Vazio. Tédio. Angústia. Medo. Impotência. Tristeza. Solidão. De novo o vazio. Abre-se uma cratera bem no meio do peito que mais parece um buraco negro que vai sugando tudo de vida que está ao redor. Nessa hora a gente entende o que é ser a barata Kafkiana, ou seja, o pior dos seres, o indesejável e asqueroso. Retornamos, ou pelo menos nos sentimos retornando ao estado inanimado daquilo que não comporta vida, daquilo que nada vislumbra. Quem sou eu e o que eu quero? Se tudo é tão supérfluo e perecível? Alguns mais incomodados e profundos podem se perguntar: o que é permanente na impermanência do tempo? É isso que trará sentido à minha vida, já que o carrão, o casarão, o corpão e os likes do instagran não me impediram de sentir esse vazio dolorido no peito?
Não há como fugir das questões essenciais. Não há praia e cerveja, churrasco e caipirinha, maconha e balada, trabalho ou mídia social que dê conta de abafar definitivamente dentro de nós a inquietude diante da complexidade do que é ser e existir no mundo. Prazeres momentâneos são distrações que encontramos na tentativa de não sentirmos o vazio de propósitos e significados em nossas vidas. Quanto maior o vazio, mais intensa é a busca pelo prazer momentâneo. Frustrações, decepções, lutos e quaisquer outros tipos de dores são enfrentadas quando sentimos que vale a pena, que existe um valor que reside em nossa experiência de existir. O valor de sermos e como ele se manifesta nos propósitos de fazermos é o que pode haver de permanente na jornada da vida.
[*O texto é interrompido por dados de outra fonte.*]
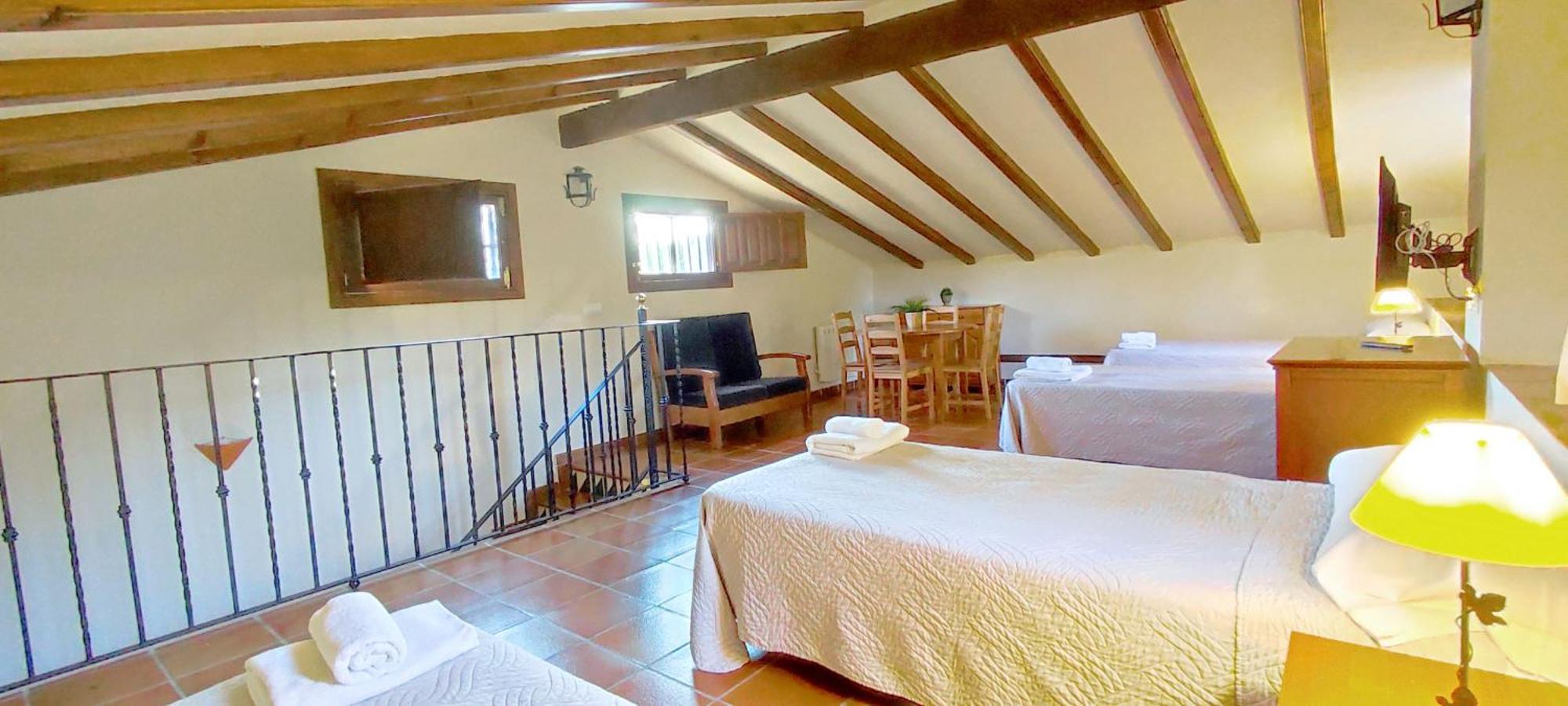 Masia De San Juan Casas Numero 3 Y 5, Con Piscina, Aire Acondicionado Y Vistas A La Montana Segorbe Bagian luar foto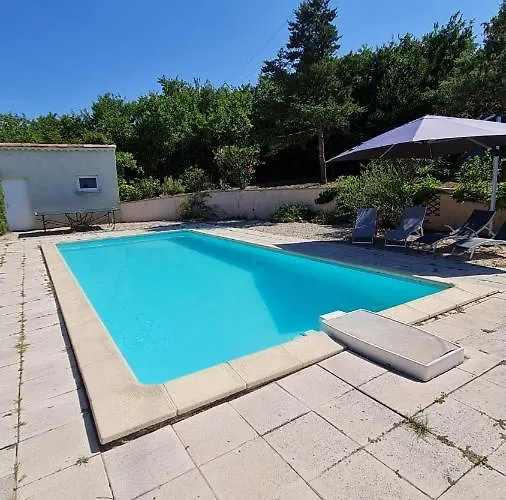 בית נופש Maison L'eucalyptus *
As vezes sou profundamente tocada quando me deparo com profetas e gurus dos tempos modernos que tem como habitat as redes sociais. Pessoas que querem dizer a outras pessoas como pensar e o que fazer de suas vidas.
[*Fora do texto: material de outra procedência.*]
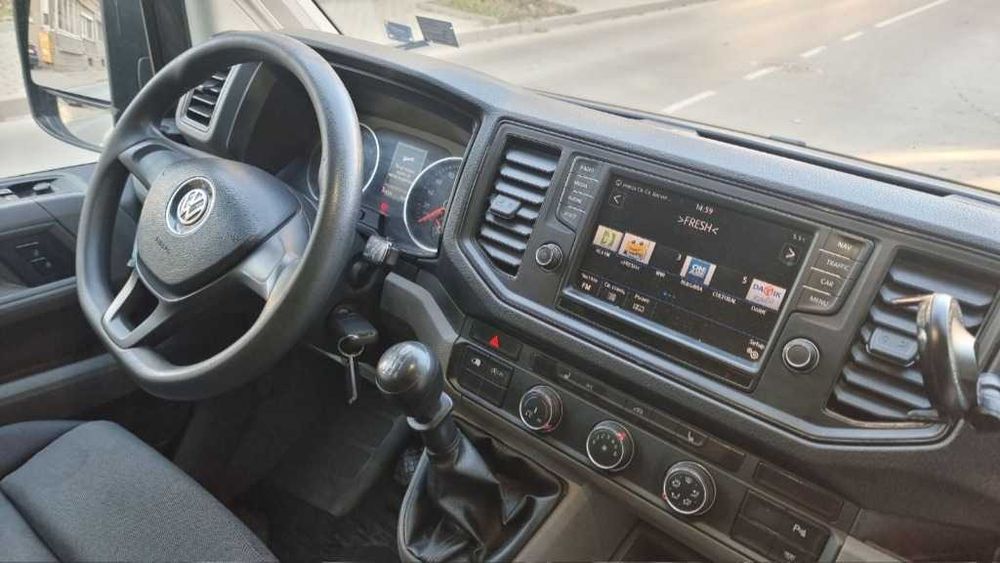 VW Crafter 2.0 TDI 177Hp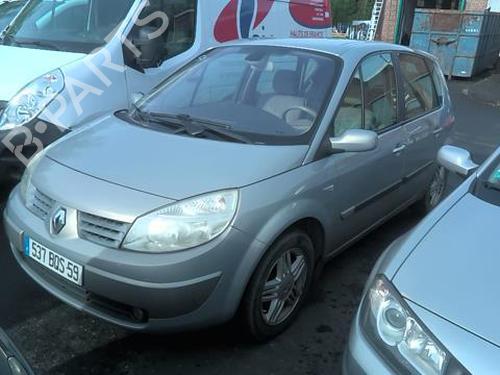 Bakluke CC/Kombi-Kupé RENAULT SCÉNIC II (JM0/1_) 1.9 dCi (JM0G, JM12, JM1G, JM2C) | BP20354991C6 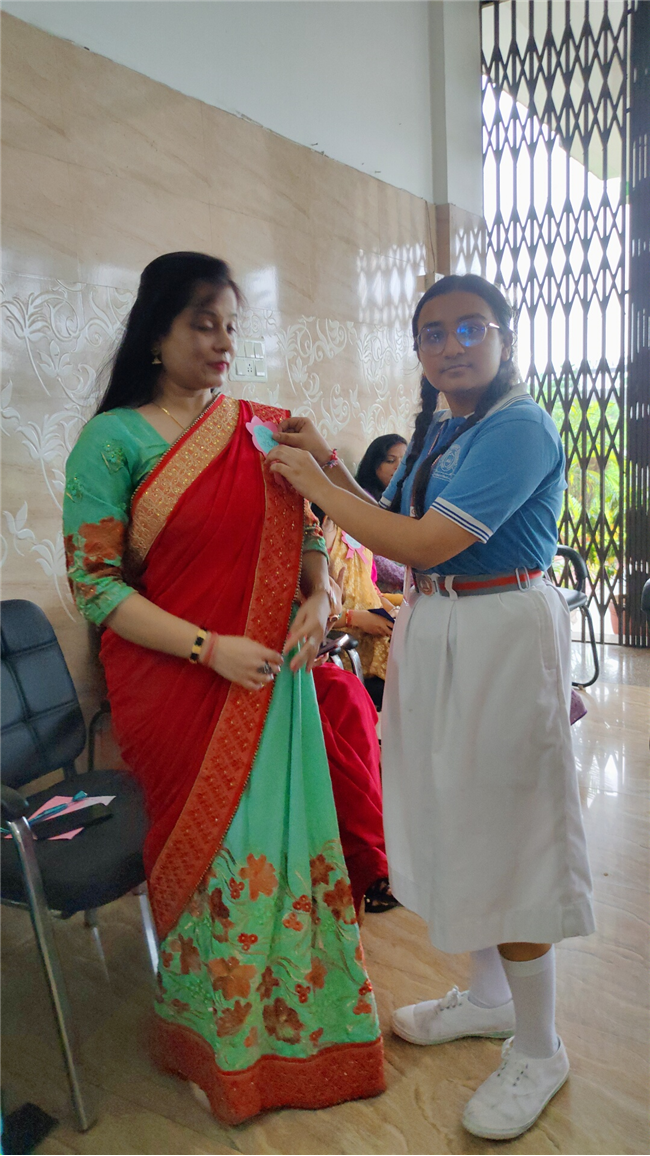 Teacher's Day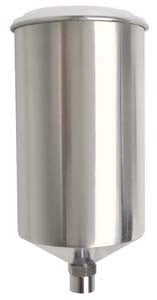 1000 ML Aluminum Gravity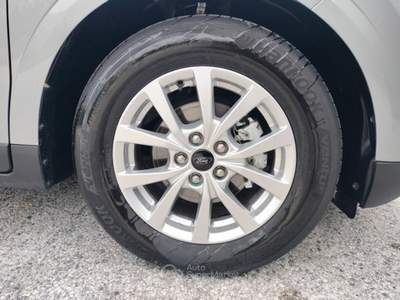 Ford Tourneo Courier 1.0 EcoBoost 125CV Titanium Grigio usata Bagni di Lucca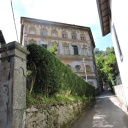 Biblioteka w kościele – Bagni di Lucca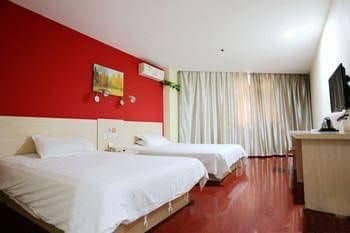 Fast 109 Hotel Nanjing Tianyin Avenue Branch Fast 109 Hotel Nanjing Tianyin Avenue Branch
Vazio, vazio e mais vazio. Como barquinhos navegando na lagoa, se movimentam na superfície e em círculos infinitos, conclamando por mais barquinhos-seguidores de uma filosofia que nunca poderá, paradoxalmente, se aprofundar, pois, desta forma, encontraria seu fim.
Este texto não terá em seu último parágrafo uma epifania capaz de transformar sua vida. Não apresentará nenhuma grande ideia que você poderá copiar e colar em sua existência para se sentir mais feliz e realizado. Não, não. Por aqui não há consideração por esse tipo de ‘coisa’. Esse texto terminará como esse ano de 2023 terminou: apresentando a você uma página em branco. Somente você, com suas ideias, pensamentos e sentimentos será capaz de decidir o que fazer com esse vazio, e sua decisão contará sobre quem você é. Afinal, não é isso que você se perguntou o ano inteiro?